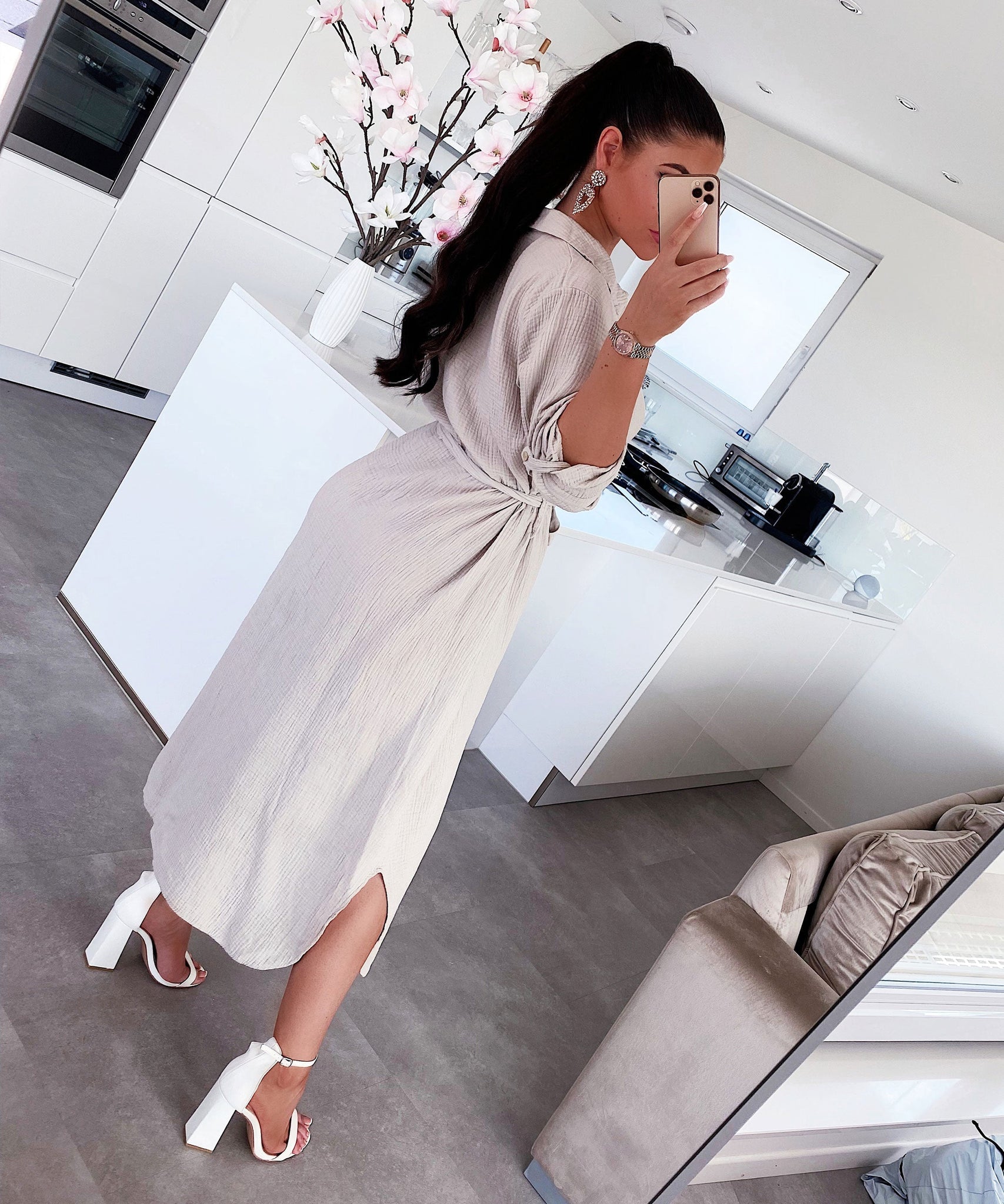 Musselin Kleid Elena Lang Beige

---

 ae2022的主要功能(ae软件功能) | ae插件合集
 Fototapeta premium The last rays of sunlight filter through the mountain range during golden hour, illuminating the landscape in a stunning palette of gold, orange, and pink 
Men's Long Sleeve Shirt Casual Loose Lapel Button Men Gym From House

==

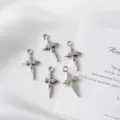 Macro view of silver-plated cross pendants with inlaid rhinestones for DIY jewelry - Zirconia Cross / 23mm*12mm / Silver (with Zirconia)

PROBLEM TO WORK ON: In the data above, retype exactly and only the lines between the one holding "ae2022的主要功能(ae软件功能) | ae插件合集" and the one holding "Men's Long Sleeve", inclusive.

RESPONSE TO THIS EXERCISE:
 ae2022的主要功能(ae软件功能) | ae插件合集
 Fototapeta premium The last rays of sunlight filter through the mountain range during golden hour, illuminating the landscape in a stunning palette of gold, orange, and pink 
Men's Long Sleeve Shirt Casual Loose Lapel Button Men Gym From House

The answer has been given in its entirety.